The company’s coming right off the heels of a recent lawsuit it slapped on Israeli cybersecurity company NSO Group, which is notorious for making software that can hack into iOS and MacOS. NSO Group then sells this data to governments, allowing them to actively spy on their own citizens, which makes the Group a narc of the worst order. Snitches may get stitches, but sometimes they get lawsuits asking for coverage in damages over USD $75,000. At any rate, Apple’s major gripe with the company came from how it not only developed hacking software actively aimed at it, but also sold it to governments that have no right to snoop in on their own people. Naturally, and also in the interest of generating favorable public interest for the lawsuit, Apple decided to make its stance on government sponsored spyware very apparent and clear.

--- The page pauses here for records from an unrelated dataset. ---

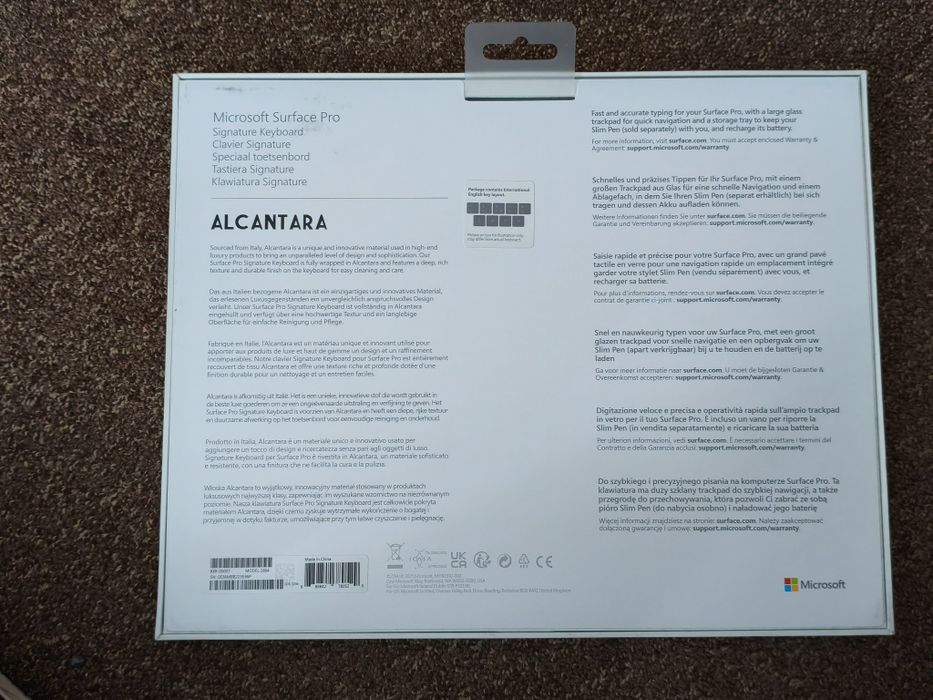 Microsoft Surface Pro Signature Keyboard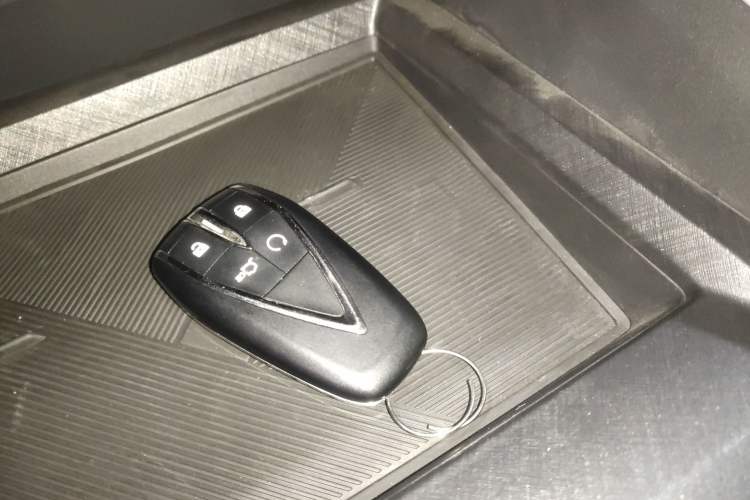 Used Changan UNI-V iDD 2024 Blue Whale Smart Electric iDD 136km Luxury Model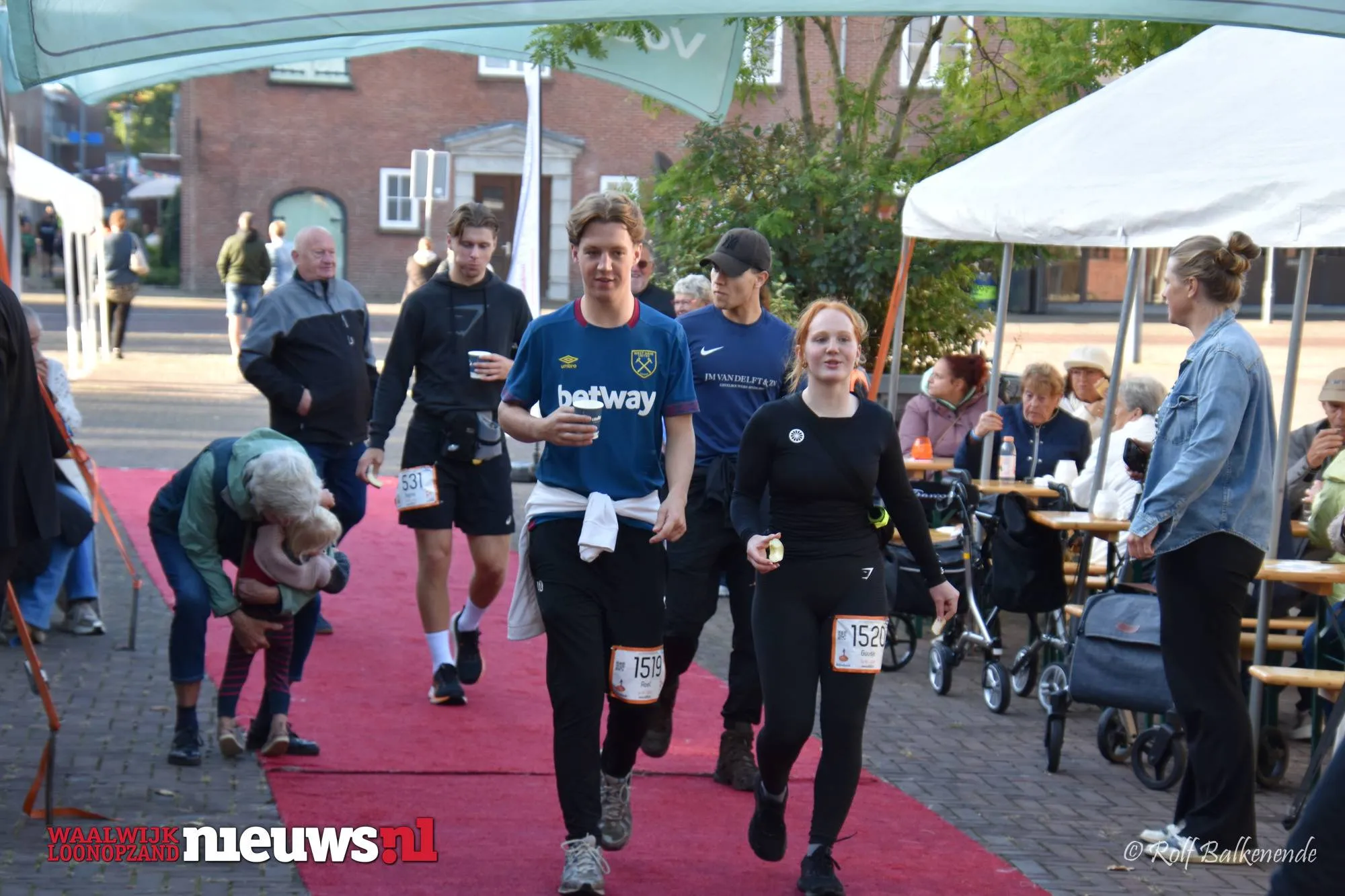 Anton Pieckplein Kaatsheuvel kleurt feestelijk voor de 80 van de Langstraat (139 foto's)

Tracking and Transparency have done wonders in order to curb the likes of Facebook and other third party apps from obtaining location data and browser history so they can generate targeted advertisements. Of course, advertisers find loopholes every now and then, but users have been granted a rather loud and impressionable voice in determining how their own personal data is used by corporations. However, state sponsored data dives are quite a different behemoth as opposed to your average third party advertiser fishing for cookies and locations stats.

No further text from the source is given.